▸ EXERCISE GOAL
Range to repeat from the listing below: the line containing "IMGP0311.JPG" down to the line containing "کبوتر رنگی طوقی|پرنده|لنجان, |دیوار", both included. Copy it exactly, pictures excluded, and add nothing else.
═════ DATA ═════
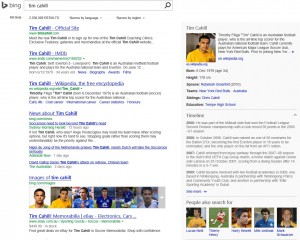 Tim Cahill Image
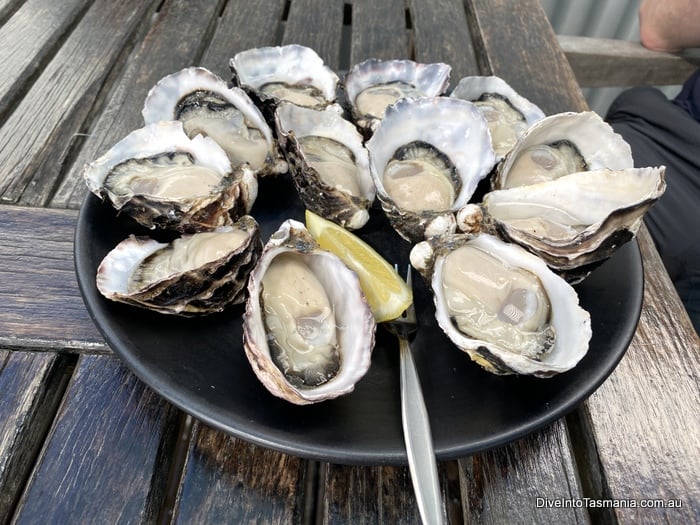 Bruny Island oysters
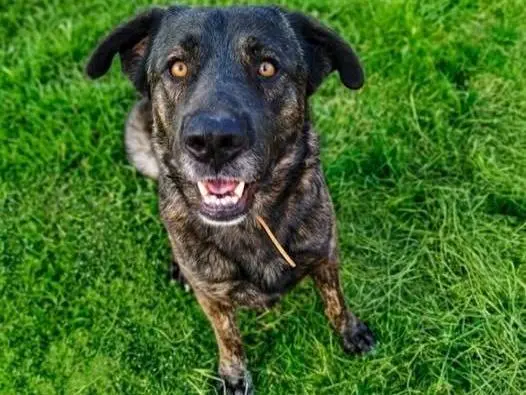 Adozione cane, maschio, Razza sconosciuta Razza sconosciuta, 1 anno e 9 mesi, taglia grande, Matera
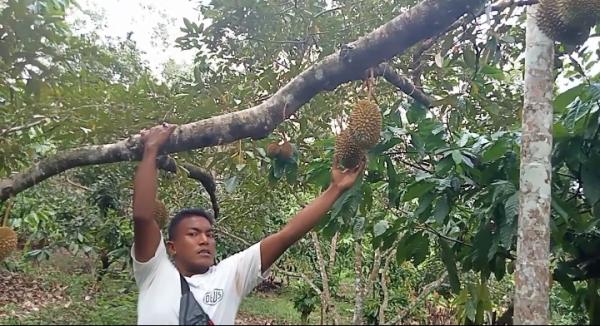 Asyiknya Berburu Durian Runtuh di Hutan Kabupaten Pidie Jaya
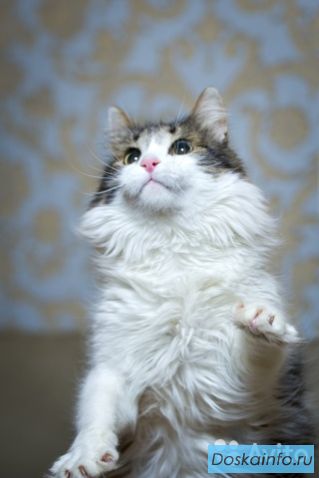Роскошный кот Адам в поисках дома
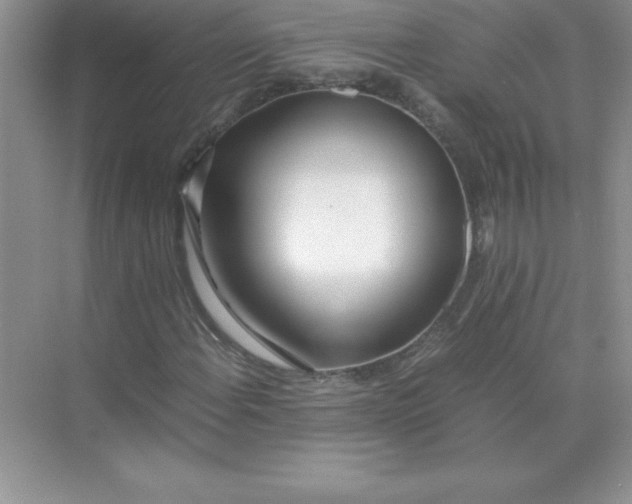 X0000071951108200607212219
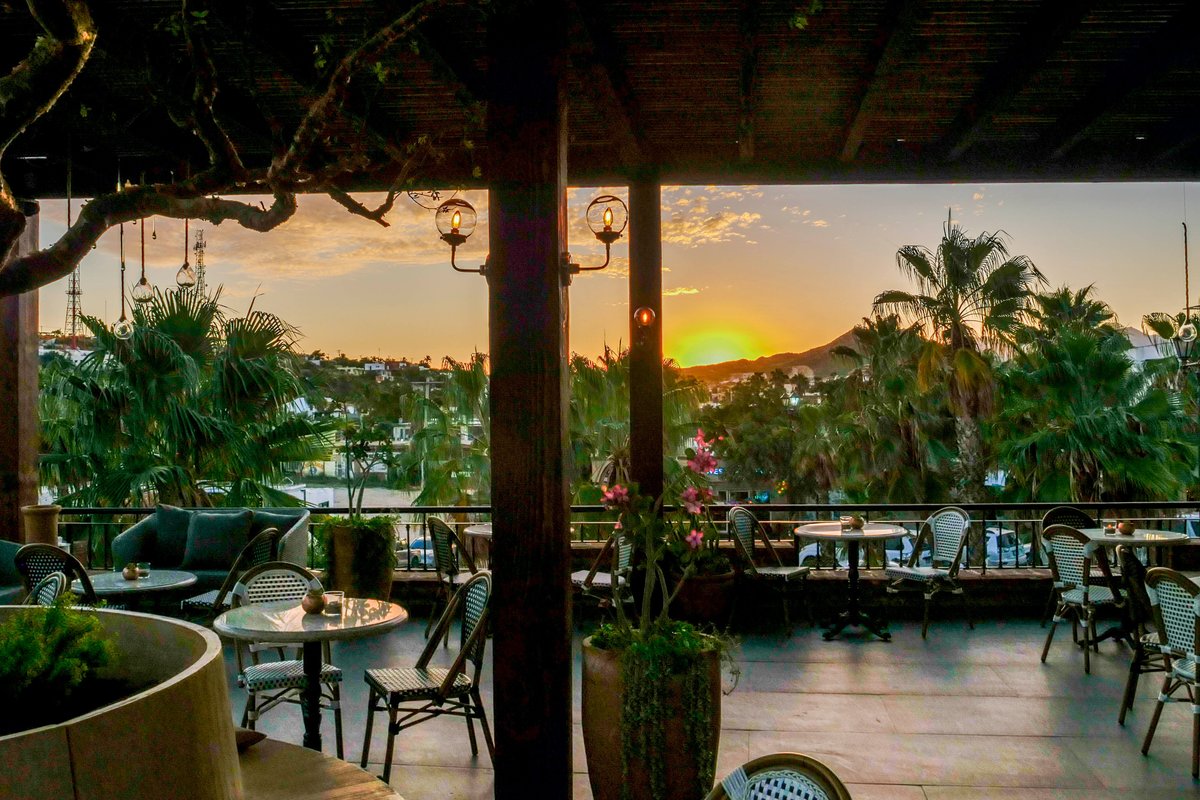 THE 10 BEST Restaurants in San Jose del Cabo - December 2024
═════
═════ DATA ═════
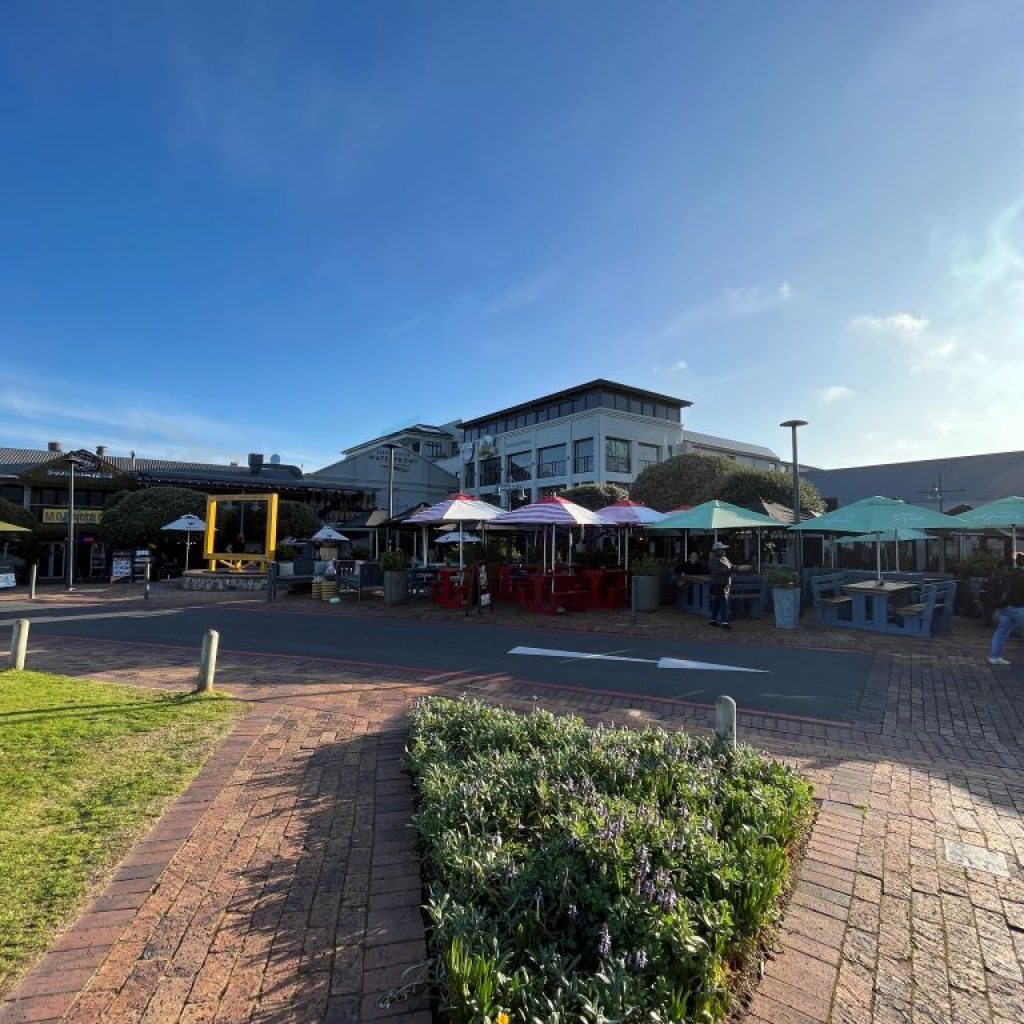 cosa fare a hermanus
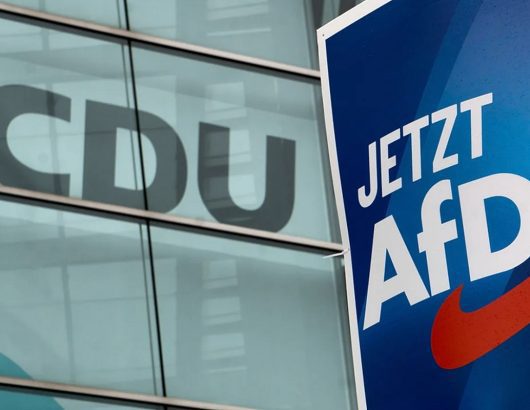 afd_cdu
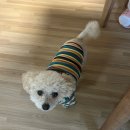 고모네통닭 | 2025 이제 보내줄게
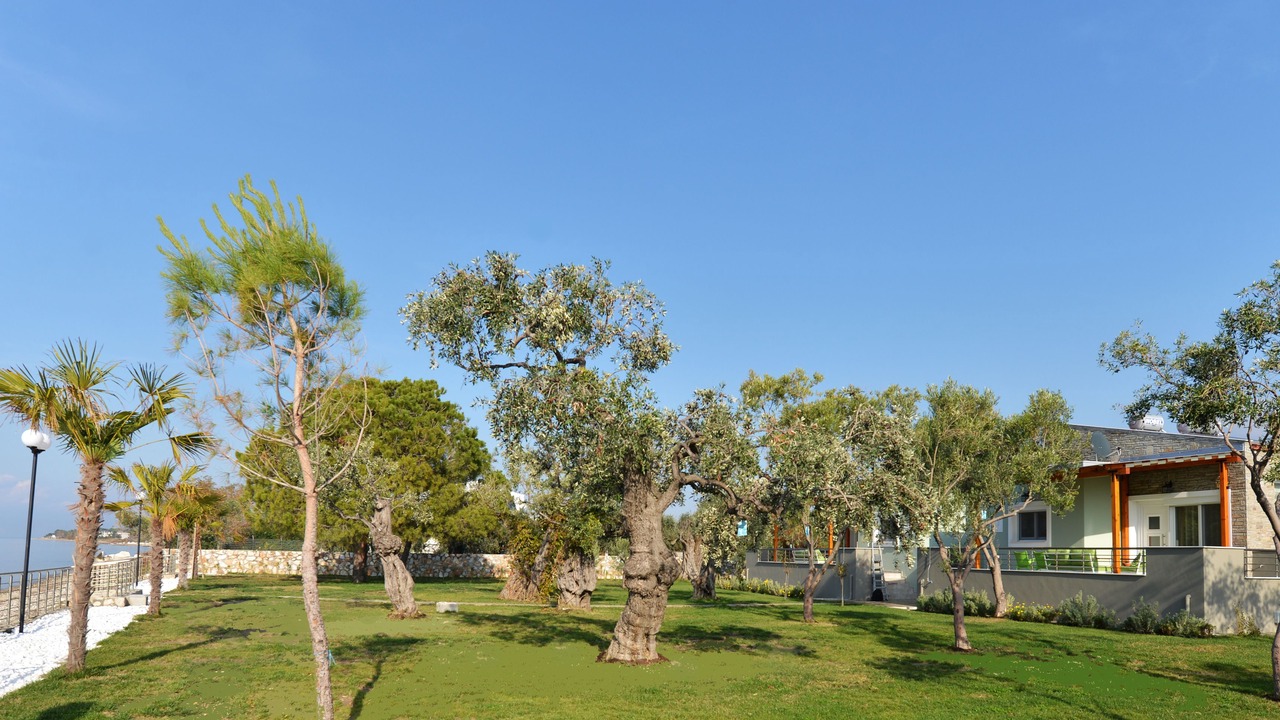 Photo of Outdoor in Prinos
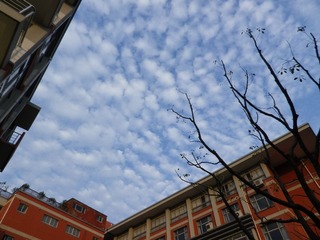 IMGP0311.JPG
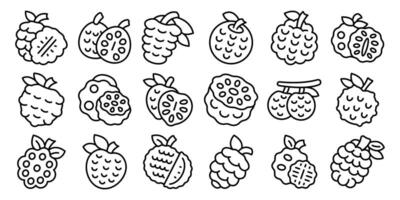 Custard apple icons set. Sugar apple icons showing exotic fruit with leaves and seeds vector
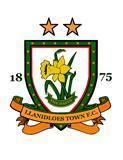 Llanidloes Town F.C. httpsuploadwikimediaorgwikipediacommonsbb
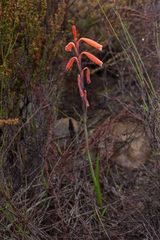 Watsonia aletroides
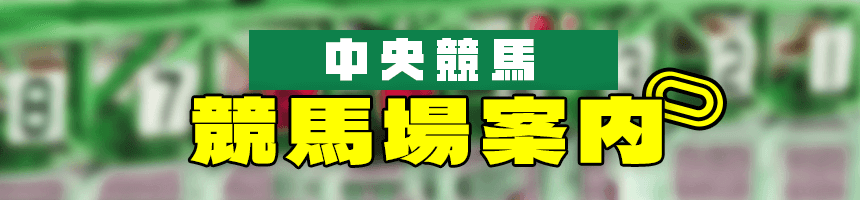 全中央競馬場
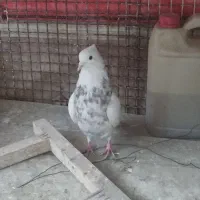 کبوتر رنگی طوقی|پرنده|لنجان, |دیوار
═════
▸ TASK SOLUTION
 IMGP0311.JPG
 Custard apple icons set. Sugar apple icons showing exotic fruit with leaves and seeds vector
 Llanidloes Town F.C. httpsuploadwikimediaorgwikipediacommonsbb
 Watsonia aletroides
 全中央競馬場
 کبوتر رنگی طوقی|پرنده|لنجان, |دیوار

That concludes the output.